See topic: “Daphne Class Submarine” for more info about Hangor.

Captain Mahendra Nath Mulla has remained so far the only Indian captain to go down with a vessel. This was the first warship sunk in action by a submarine since World War II. It remains the Post-Independence Indian navy's only warship to be lost in war to date.

INS Khukri was one of three Blackwood-class, 2nd rate frigates (the other ships were INS Kirpan and INS Kuthar) built in England for the Indian navy. She was built by J. Samuel White & Co. Ltd., Cowes, Isle of Wight, England; commissioned on July 1958; displacement; 1,180t standard, 1,536t full load, dimensions; 310' x 33' x 10', armament; 3-40mm Bofors AA, Mk.9. TT, provision for 4-21' (two twin) but not fitted, AIS weapons, 2 Limbo three barreled depth charge mortars: 1 set seared turbines, 1 screw, 15,000 shp, 27,8 kts (24,5 max continuous speed) complement; 140.

After the beginning of hostilities between India and Pakistan on 3 December 1971, Indian Naval radio detection equipment identified a submarine lurking about 35 miles south-west of Diu harbour. The 14th Frigate Squadron of the Western Fleet was dispatched to destroy the submarine. It normally consisted of three ships Khukri, Kirpan and Kuthar, but at the time of the incident Kuthar 's boiler room was being repaired in Bombay. One reason that may have prompted the decision to deploy two obsolete Blackwood-class frigates against a modern Daphne-class submarine was that the Indian Navy lacked sufficient numbers of anti-submarine aircraft.

Captain M. N. Mulla was commanding a task force of two ships (Khukri and Kirpan) which formed part of the Western Fleet. The task force was assigned the task of hunting and destroying Pakistan submarines in the North Arabian Sea. In the early hours of 9 December, Pakistani submarine Hangor picked up two sonar contacts in the area. The sonar and radar transmissions identified them as warships but Hangor failed to intercept them and lost contact when the range increased.
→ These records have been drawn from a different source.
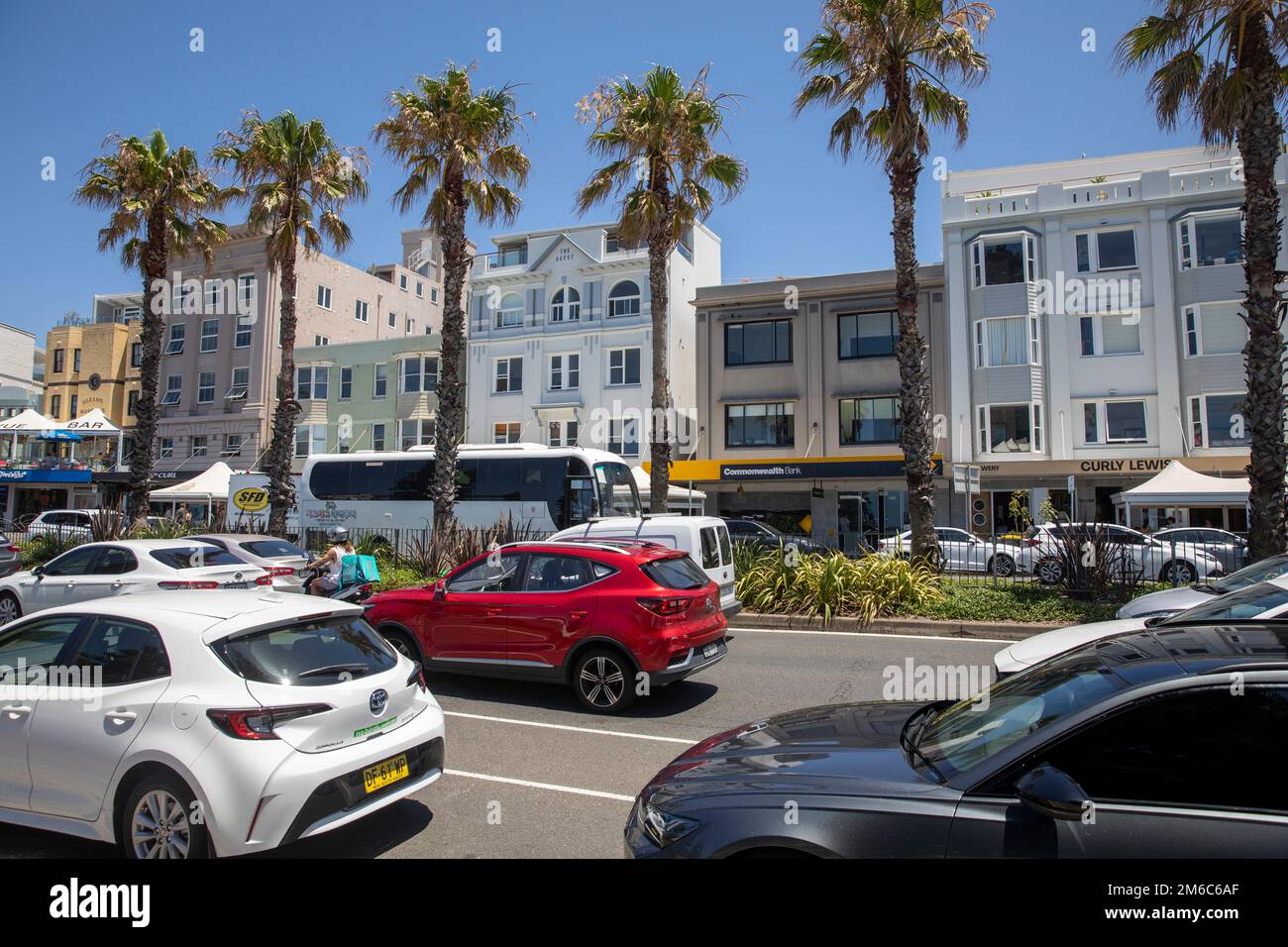 Bondi Beach suburb, cars and vehicles on campbell parade Bondi with towering palm trees,Sydney,NSW,Australia Stock Photo
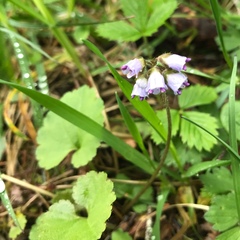 Veronica regina-nivalis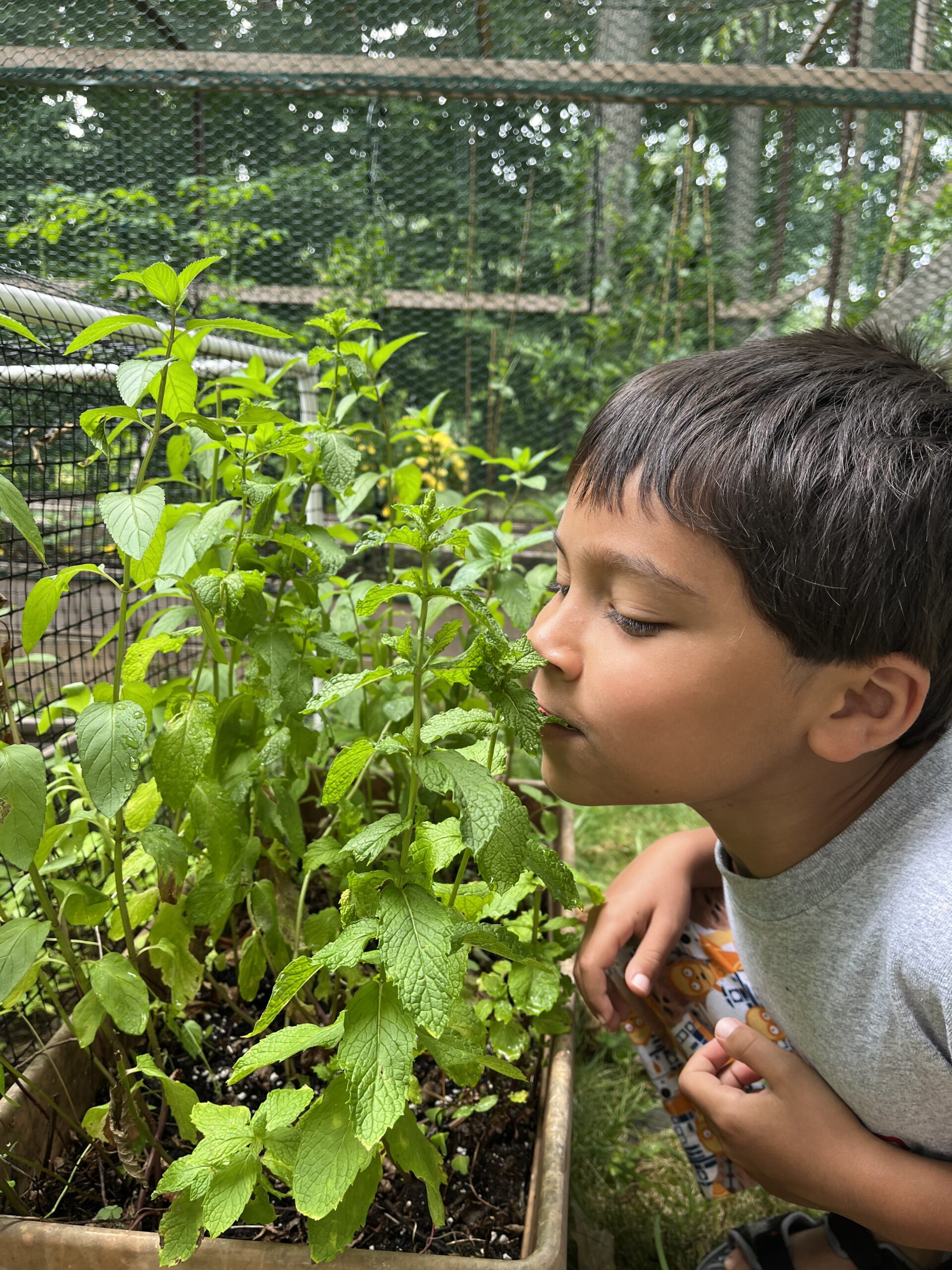 A child smelling a basil plant.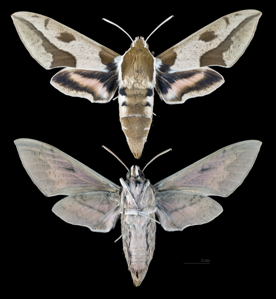 Sphinx Nicéa (Le)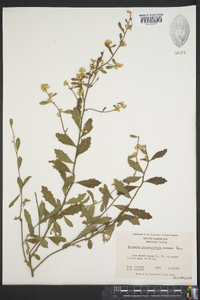 Baccharis glomeruliflora image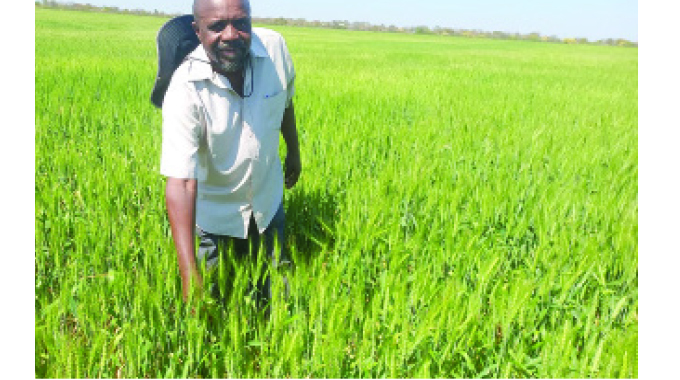 After 87 years, Mtshabezi Irrigation Scheme changes lives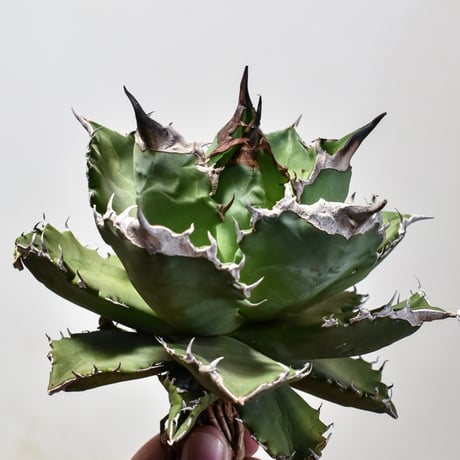 CATEGORY チタノタ ホワイトファイヤー | RAFLUM / ラフラム｜東京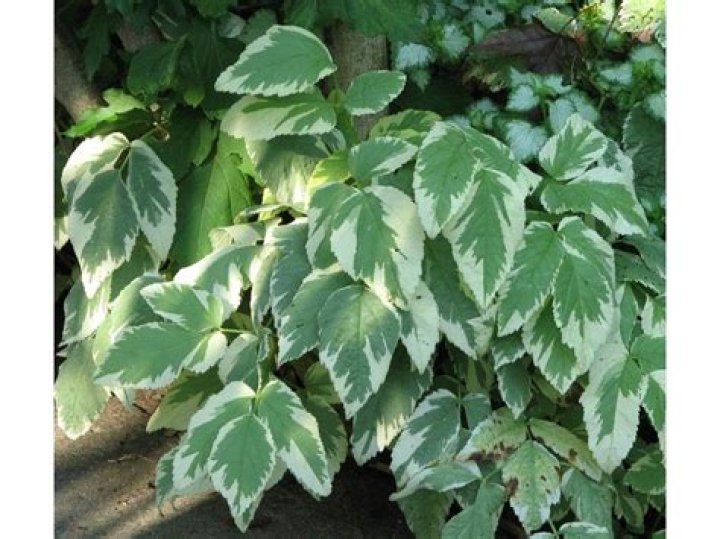 Can you eat goutweed?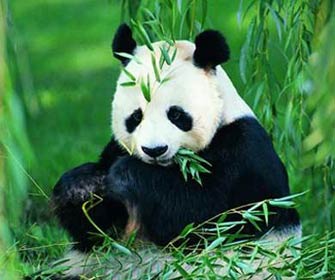 驴属于哺乳纲、奇蹄目、马科、驴属动物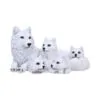 u6734a24.webp Pups Protection 20.5cm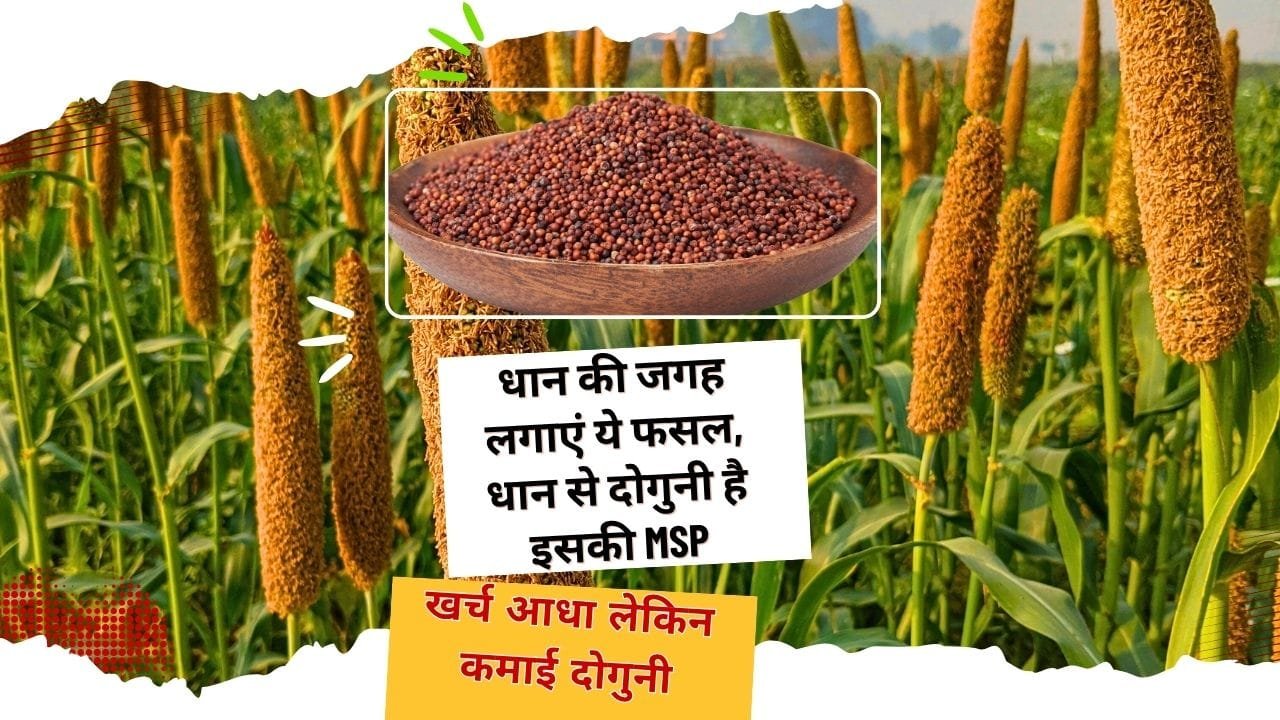 रागी की खेती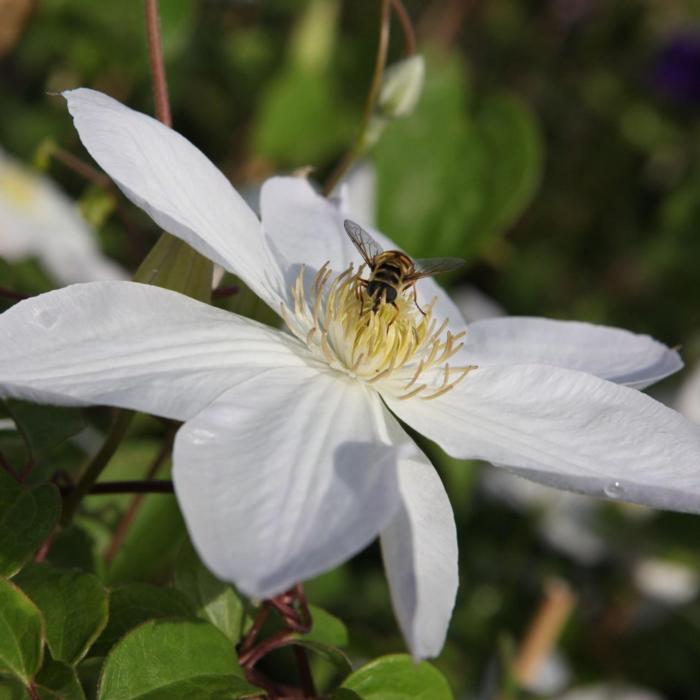 Clematis 'Shirayukihime' plant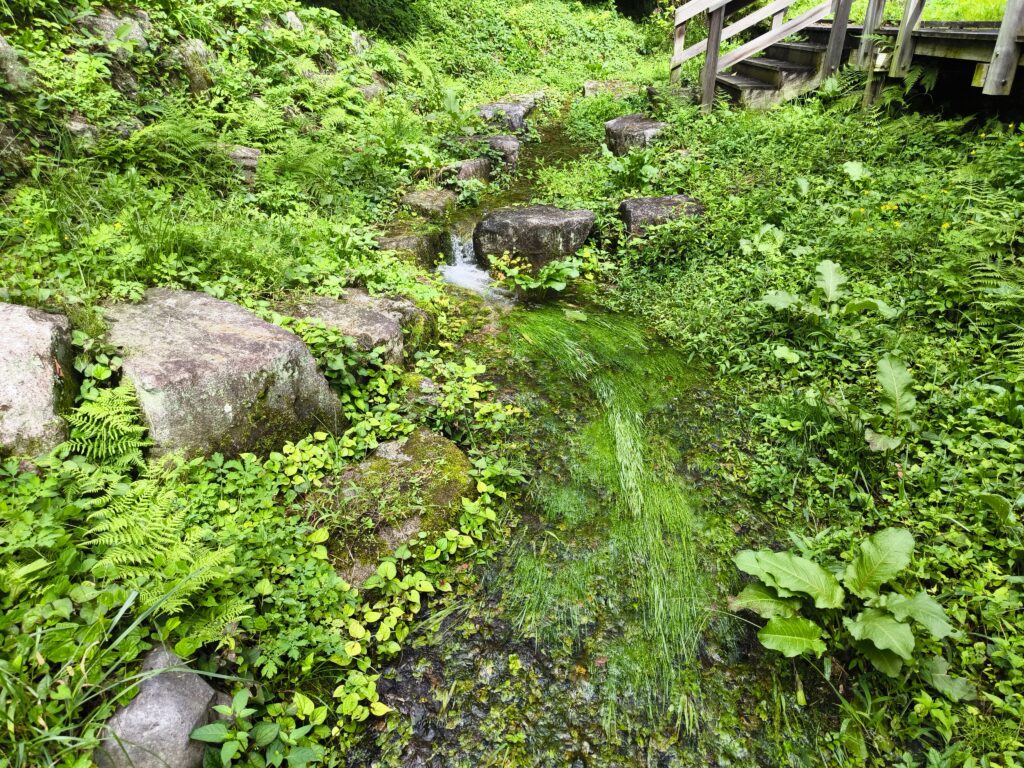 西遅沢（おそざわ）の出釜（でがま）湧水地（令和6年9月17日撮影）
The submarine sighted the squadron on the evening of 9 December. Khukri was still not aware of the submarine's presence and continued slowly on a steady course because she was testing an improved version of the 170/174 sonar, which required a slow speed to increase detection, despite the fact that moving on slow speed was against Indian anti-submarine doctrine. At 19:57 Hangor fired a homing torpedo on a sonar approach at Kirpan. The torpedo failed to explode and was detected by Kirpan which turned away and fired anti-submarine mortars. Khukri increased its speed and turned towards the submarine, which then fired a second torpedo directed at Khukri. The torpedo struck Khukri and exploded under its oil tanks. According to the Pakistani submarine captain, Commander Ahmed Tasnim, the ship sank within two minutes. Other sources claim that Khukri was struck by three torpedoes before going down.

After a few minutes, Kirpan turned back to attack Hangor with depth charges, as her anti-submarine mortars had broken down. Hangor then fired another torpedo at Kirpan before turning away and exiting at maximum speed. Kirpan outran the torpedo and quickly disengaged returning later with another ship, Katchal, to search for the survivors from Khukri. Hangor patrolled the region for the next four days before returning safely to her berth.

To date, Khukri is the only ship lost in combat in the history of the Indian Navy. Over 18 officers and 176 sailors were lost in the sinking. The captain, Mahendra Nath Mulla, chose to go down with the sinking ship. He refused to abandon ship, and passed his life-jacket to a junior officer. He has remained so far the only Indian captain to go down with a vessel. He was posthumously awarded India's second-highest military honour, the Maha Vir Chakra.

A memorial to the dead sailors exists at Diu. The memorial consists of a scale model of Khukri encased in a glass house, placed atop a hillock facing the sea.

India 2000, S.G.?, Scott: 1801.

Source: Wikipedia and various web-sites.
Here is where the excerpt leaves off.